Como es habitual en las obras narrativas de Saer, no se especifica el lugar concreto donde se ubica la acción, pero, por algunas características, que se repiten de un libro a otro, se sabe que cuando habla de «la ciudad», se refiere a Santa Fe, ciudad a la que Saer y su familia se trasladaron a vivir en 1948, donde estudió y empezó a trabajar como periodista. En El limonero real aparece el «puente colgante» de otras historias, puente cercano a la ciudad, y también aparece el pueblo de Rincón, cercano a Santa Fe.

 

Wenceslao se despierta con el día, saluda a sus perros y sale al patio de su rancho. Me ha llamado la atención cómo el narrador (Saer) le va explicando al lector con qué nombres Wenceslao y su mujer se refieren a las estancias y lugares que constituyen su mundo en la isla, como si, de forma simbólica –el simbolismo es importante en esta obra–, estas dos personas fuesen la pareja inicial del alumbramiento del mundo y tuvieran la tarea fundacional de nombrar a la realidad que les rodea. Algo parecido ocurría en las primeras páginas de Cien años de soledad (1967) de Gabriel García Márquez, autor por el que Saer no sentía mucha simpatía.

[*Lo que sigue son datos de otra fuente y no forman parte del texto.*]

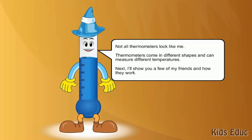Not all thermometers look like me. Thermometers come in different shapes and can measure different temperatures. Next, I'll show you a few of my friends and how they work.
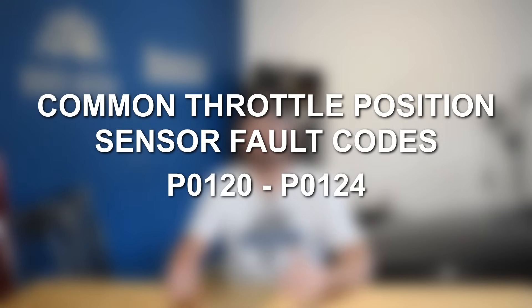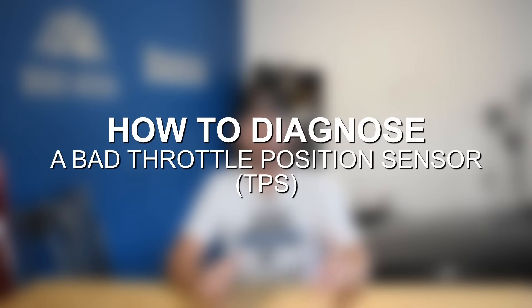You'll get an engine code ranging from P0120 to P0124, which will point you towards either the throttle position sensor or the accelerator pedal position sensor. There are also a number of other issues that can give you one of these engine codes, such as a bad throttle body actuator or throttle body motor, a dirty or gunked-up throttle body, or a bad accelerator pedal position sensor — which can make it more challenging to diagnose the exact issue. Overall, the easiest way to diagnose a throttle management issue is via the engine codes, since you'll always get one when the readings are off.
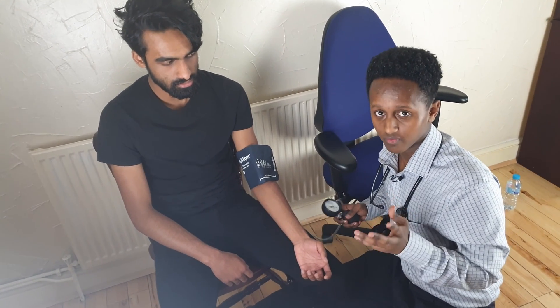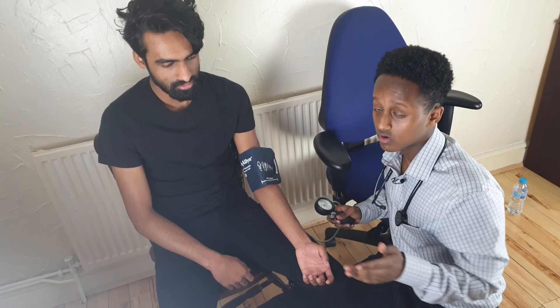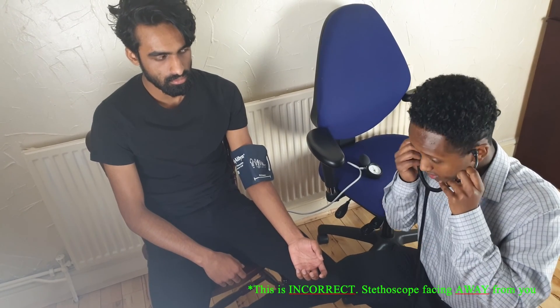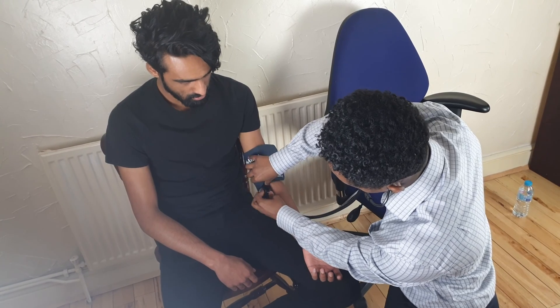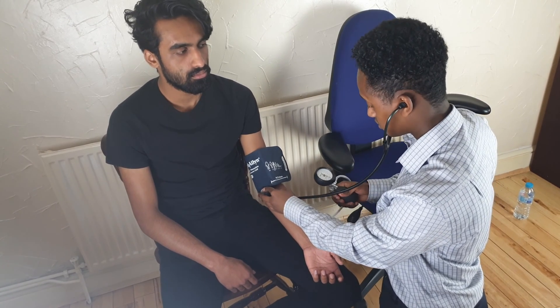Now that I've found the radial pulse estimate for the systolic value at 120, I'm going to inflate about 15–20 above that, then come down. At the first point I hear a sound, that's the systolic value, and at the second point where it disappears, that's the diastolic value — the pressure where the heart is relaxed, resting, and the blood is filling it back up. Get your stethoscope, make sure it's pointing towards you, and tap to check it's working. Place it just where the brachial artery would be — medial, just there — and tuck it underneath the cuff.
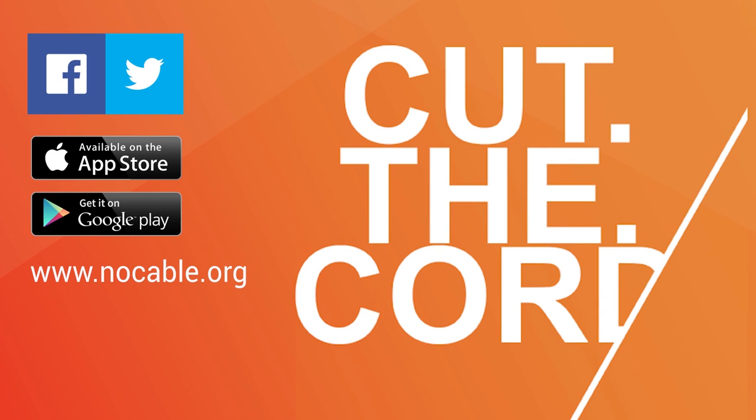This has been a presentation of NoCable. You can follow us on Facebook and Twitter, or download our app from the App Store or Google Play Store. Also, find more information at www.nocable.org.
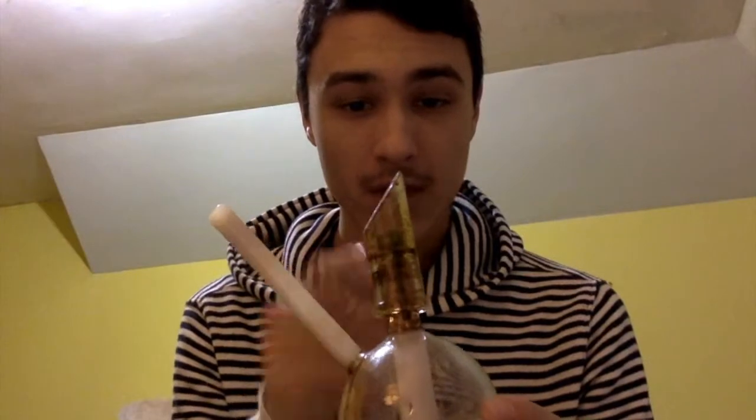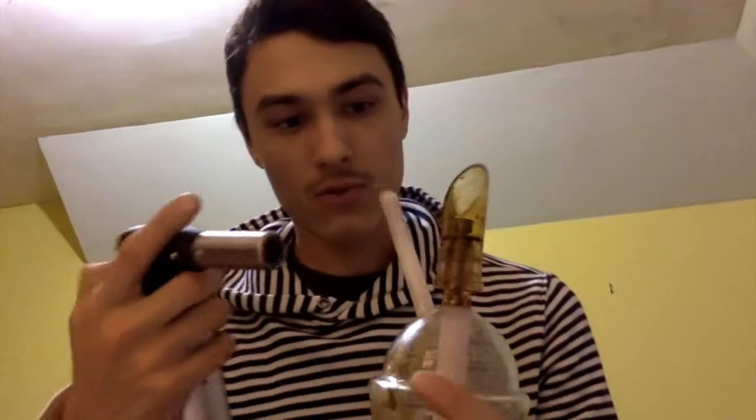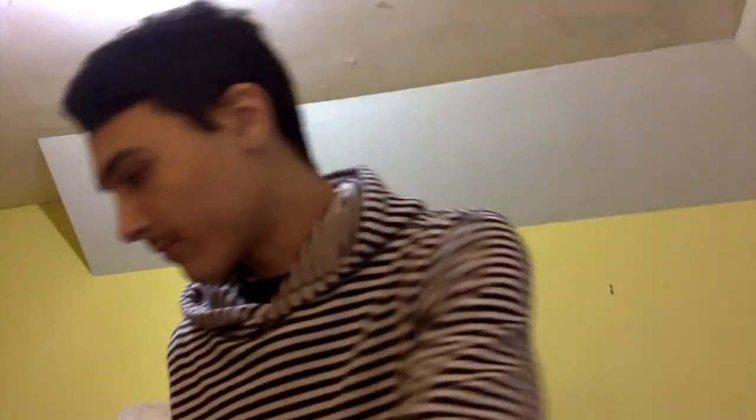I want to say to anybody who's new to dabs: when you're smoking out of your rig and you leave your dome on, it gets really sticky. Do not pull on it, don't twist on it, don't do anything — heat it up lightly with your torch. Just kind of tap the flame to it a little bit, just warm it up on the outside, because you don't want to damage any of your glass. Wait until it loosens. If you feel like you need a little more fire, do that, but whatever you do, don't damage the glass. See — now it's starting to twist, and now it comes off.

En estas primeras descripciones de la isla destaca una construcción lingüística que, de nuevo, se irá repitiendo a lo largo de la novela: «los árboles que nadie plantó», que están ahí desde que llegaran las personas, y que seguirán allí cuando éstas desaparezcan. Estos árboles suelen ser de una especia llamada «paraíso», y seguimos con la carga simbólica de la narración. Sin embargo, el árbol que destaca en la isla, por encima de los demás, serán el limonero real, que se evoca en el libro, y que en el texto aparece por primera vez en la página 36: «El limonero real está siempre lleno de azahares abiertos y blancos, de botones rojizos y apretados, de limones maduros y amarillos y de otros que todavía no han madurado o que apenas sí han comenzado a formarse. Desde que lo recuerda, Wenceslao lo ha visto siempre igual, pleno en todo momento, con ese resplandor blanco nimbándolo, el punto más alto de su ciclo en los grandes limones amarillos, los botones tensos y apretados a punto de reventar los limoncitos verdes confundiéndose entre las grandes hojas, oscuras en el anverso y de un verde más claro en el reverso.»

 

Como he dicho, la acción de la novela transcurre en un día, en un caluroso fin de año, pero –usando el recurso de la analepsis– también se narran hechos del pasado, importantes sobre todo para Wenceslao, como el del día que fue a conocer la isla en la que vive, con su padre, siendo él un niño. O un viaje que hizo a la ciudad, junto a su cuñado Rogelio (otro de los personajes principales del libro) para vender sandias, en un carro con un caballo con una pata dañada; una historia que el lector sabrá que se contará –otra vez– durante la comilona en la casa de los cuñados de Wenceslao.

 

La expresión «Amanece. / Y ya está con los ojos abiertos.» se irá repitiendo a lo largo de la novela, y Saer, como narrador, jugará con el tiempo de su historia. En más de una ocasión, va a hacer un compendio de lo que ha contado hasta ahora, sobre el día de la novela, y contará en esta nueva ocasión un detalle que no ha sido narrado previamente. Podría mostrar la realidad desde distintas perspectivas, parece decirnos Saer, y sería la misma, pero no las sensaciones que tendría el lector sobre ellas. Además, como ocurre en otras narraciones del autor, la comida y la cena serán narradas desde distintos puntos de vista, fijándose el narrador en la mirada sobre lo que rodea a cada personaje.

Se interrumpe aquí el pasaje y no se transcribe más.